But here’s where our Olympic images break down. We don’t compete with each other. We run together, so to speak, and I don’t “lose” and you don’t “lose” and if there are any medals they’re all the same color. We run, only fixing our eyes on  the pioneer and perfecter of our faith,” Jesus Christ. The only glory we run for is the glory of Christ, the one whose run was one with its own humiliations, dying a death of crucifixion that was about as opposite to the glory of the stadium as it is possible to be.

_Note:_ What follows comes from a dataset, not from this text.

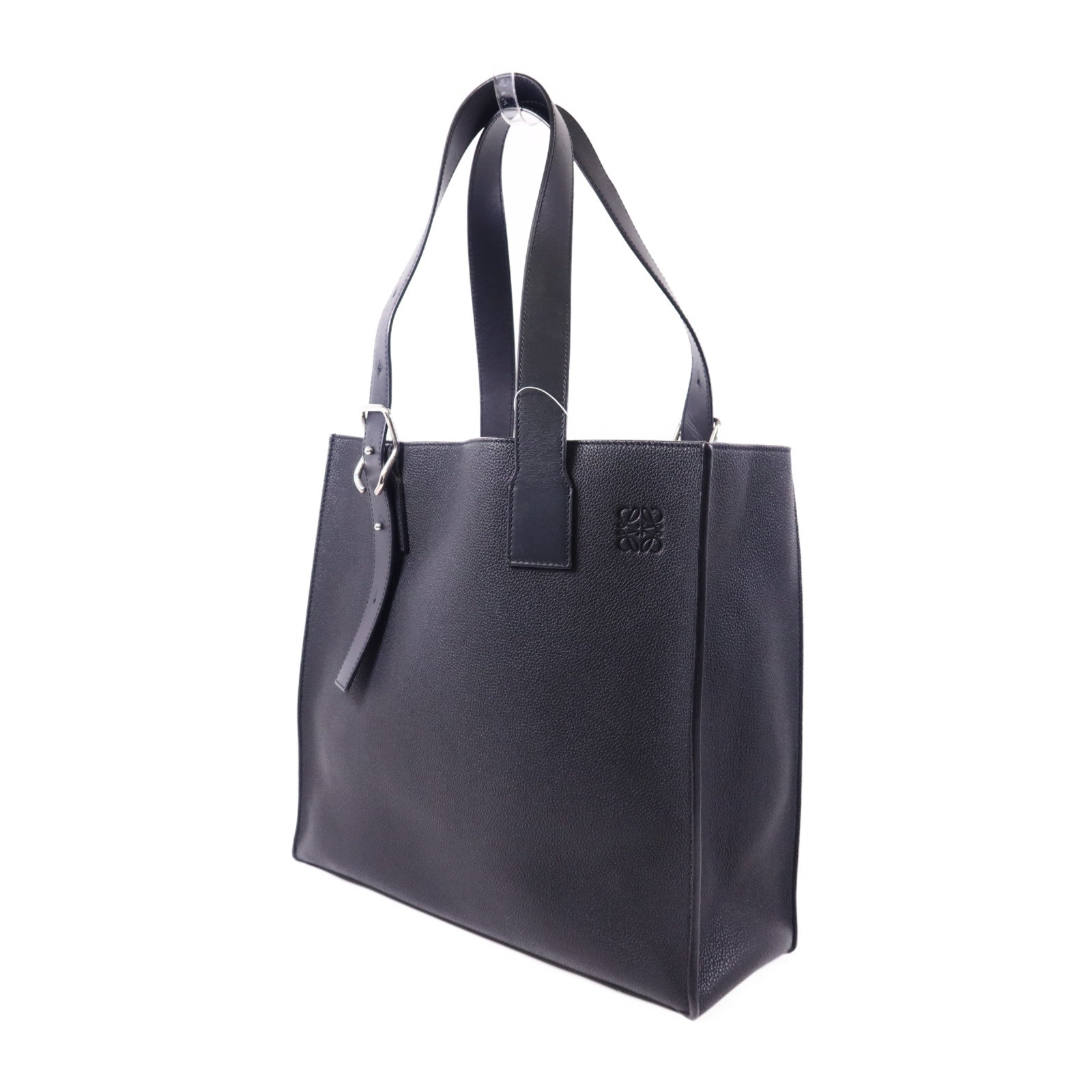 LOEWE 牛皮皮革Buckle Horizontal Tote銀扣肩背袋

All those saints who have come before us, Enoch and Abraham and Moses and Rahab and all of them, ran their race. Some of them didn’t even get to see the prize in their lifetimes. Yet as our Hebrews preacher said in last week’s reading, they saw the promises and greeted them from afar, looking forward to a “better country, a heavenly one,” a “heavenly city” God has prepared for them, prepared for us. They ran, we run, others will run the race after us. We each have our own race set before us, but we run together, all towards the same pioneer of our faith.

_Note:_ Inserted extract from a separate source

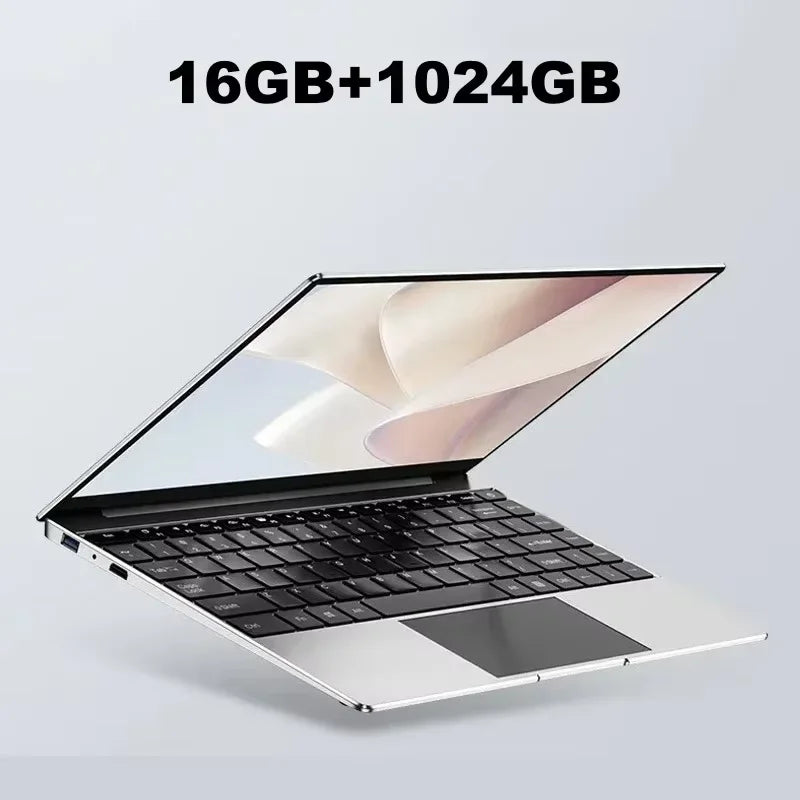 New Ultra Slim Laptop 14.1" 16GB RAM 2TB SSD Intel Pentium 4405U Notebook Gamer 1920*1080 Display Office Study Computer PC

Let us run with perseverance. Thanks be to God. Amen.

Hymns (from Glory to God: The Presbyterian Hymnal):
#385            All People That on Earth Do Dwell
#438            Rock of Ages, Cleft for Me
#730            I Sing a Song of the Saints of God
#543            God, Be the Love to Search and Keep Me


Credit: agnusday.org. But we are surrounded by that cloud of witnesses...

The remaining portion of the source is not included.